(NEW YORK) — A suspect has been charged with attempted murder for allegedly shoving a man onto the subway tracks in New York City last week.
Lamale McRae, 41, of Brooklyn, was arrested on Monday in Queens in connection with what police said was an unprovoked attack Friday afternoon at the Wyckoff Avenue and Myrtle Avenue subway station.
McRae was arraigned in Queens Criminal Court on charges including attempted murder in the second degree and attempted assault in the first degree, both felonies.
He was also charged with endangering the welfare of a child for allegedly pushing an 8-year-old boy to the ground as he fled the scene, causing abrasions to the child’s knee, according to the complaint.
McRae was remanded into custody and his next court appearance is scheduled for Nov. 14, court records show. ABC News did not immediately receive a response to an email seeking comment from his attorney.
McRae was arrested days after the New York City Police Department released footage of the incident, while calling on the public’s help to find the suspect.
Police said a man “intentionally without being provoked charged” at the 32-year-old victim, shoving him onto the tracks, before fleeing.
McRae was arrested with help from tips by the public, police said.
The victim sustained injuries in the attack from the fall but was not hit by a train, police said.

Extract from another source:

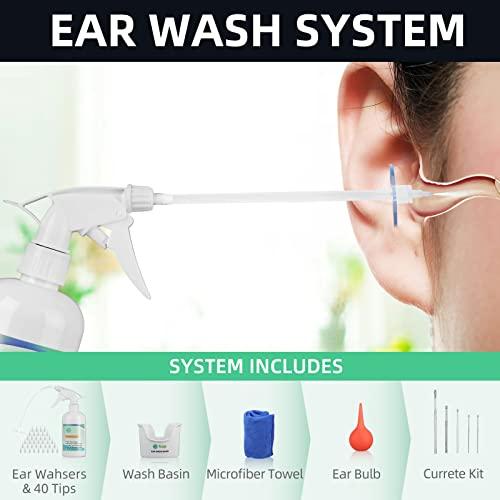 QISXROVY Ear Wax Removal Tool, Ear Cleaning Kits Safe Ear Irrigation Kit Ear Flush Kit for Adults Kid, Ear Wax Washer Device Easy to Operate, Includes Basin, Syringe, Curette Kit, Towel and 40 Disposable Tips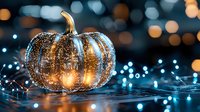 Glowing golden pumpkin with sparkling fairy lights creating magical bokeh effect on dark background, festive autumn holiday decoration for seasonal design.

He was treated at a local hospital for a broken collarbone and a sprained shoulder, among other injuries, according to the complaint. He has since been released.
“In the blink of an eye, I was pushed with full force into the train tracks,” the victim, David Martin, said in an interview with ABC New York station WABC-TV.
“Mentally I don’t know how to even get through this,” he told the station.
Martin, a native New Yorker who was on his way to work when he was attacked, said he always felt safe taking the train.
“Now at 32 years old, I no longer feel safe and that’s not fair, and that’s not OK,” he told WABC.
On Saturday, New York City Mayor Eric Adams and New York Gov. Kathy Hochul said they plan to add more officers at subway stations, among other measures, to address transit crime.